In der Einführung zu Jacques Tourneurs Der Rebell wird eine „nostalgische Reise“ in „die Zeit vor Mobiltelefonen, Selfies und soziale Medien“ versprochen. Eigentlich ist es merkwürdig, wie oft das Aufführen von älteren Filmen mit Nostalgie gleichgesetzt wird. Von den Stars auf der Leinwand ist keiner gealtert, sie sind so jung und schön wie in dem Moment, als das Licht sie auf Filmmaterial bannte. Und auch die Technicolor-Farben sind dafür bekannt, kaum zu altern – zumindest weniger, als viele mit anderen Methoden eingefärbte Streifen, die heute meist längst verfärbt und verfallen sind. Natürlich haben Kopien, die größtenteils einige Jahrzehnte alt sind, gelegentlich ein paar Kratzer oder Laufstreifen; wirklich stören tut das nie, manchmal wirken sie sogar wie ein Teil der Dramaturgie. Etwa dann, wenn die angekratzte Psyche in Apocalypse Now mit der angekratzten Physis des Materials zusammentrifft. Ein tanzender, zuckender Wahnsinn. Das Lesen eines alten Buchs, Museumsbesuche oder die Aufführung eines jahrhundertealten Theaterstücks würden nie als rein nostalgischer Akt verstanden. Dabei vergegenwärtigt das Kino nicht weniger als andere Medien. Als könnte nicht auch ein alter Film immer etwas radikal Neues oder Vergessenes aufzeigen. Ist Cinephilie alt geworden oder war sie nie wirklich jung?
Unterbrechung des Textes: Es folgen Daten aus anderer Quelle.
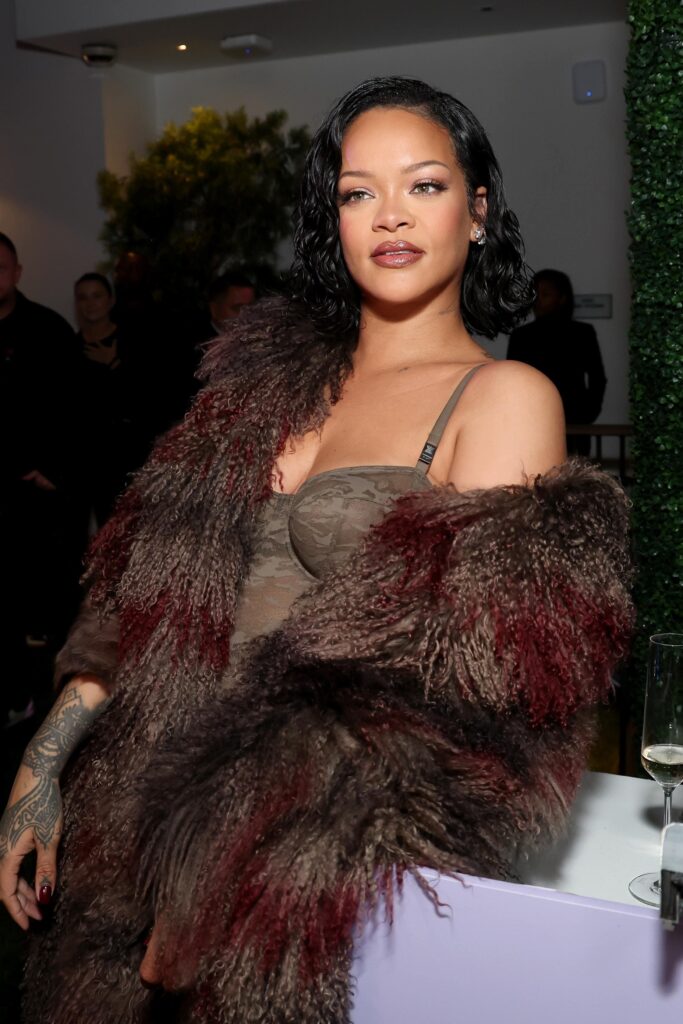 Rihanna posing for a portrait wearing a fashionable outfit.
Als Naturbursche tritt der Held in eher dezenten Farben auf, dafür leuchten die Lippen seiner Liebsten umso röter: "Der Rebell"
Als Naturbursche tritt der Held in eher dezenten Farben auf, dafür leuchten die Lippen seiner Liebsten umso röter: "Der Rebell"

Wie bei jedem Festival erzählten die Filme in ihrer Abfolge und Summe auch eine eigene Geschichte – in diesem Fall vor allem die vom Oz-Kontrast, dem zwischen surrealen Technicolor-Pomp und allem Geerdeten und Reellen. In vielen der ausgewählten Filme wird deutlich, dass selbst der Traumfabrik das übernatürliche Leuchten von Technicolor manchmal unheimlich war. Abenteuergeschichten wie Der Rebell, Vera Cruz oder Der eiserne Ritter von Falworth verbindet eine ähnliche Farbdramaturgie: Die Schurken tragen jene bunten, exzentrischen Gewänder, die das Magische der Technik betonen. Zivilisationsgeschwächte Aristokraten. Ihnen gegenüber stehen kernige Naturburschen in unauffälligem Braun, Schwarz und Grün.

In der Robin-Hood-Variation „Der Rebell“ versteckt sich eine Gruppe Widerständler – die Entsprechung der Merry Men – in einem Wald. Unter den Rebellen ist ein Mann, der ein Stück Leder mit seinen Füßen gerbt. „Kultur“, so erklärt er, „ist, wenn man sich so unnatürlich wie möglich verhält.“ Ein kurioses Zerrbild der adeligen Gegner. Den im Film hyperviril gezeichnete Burt Lancaster und seine Mannen sehen wir in simplen Erdtönen, seine Feinde aber platzen fast vor Rüschen und Ornamentalem. In ihren Thron- und Ballsälen bleibt ihnen oft nur die Verzweiflung, wenn die wilden Urmenschenhelden über ihre Technicolor-Festungen herfallen.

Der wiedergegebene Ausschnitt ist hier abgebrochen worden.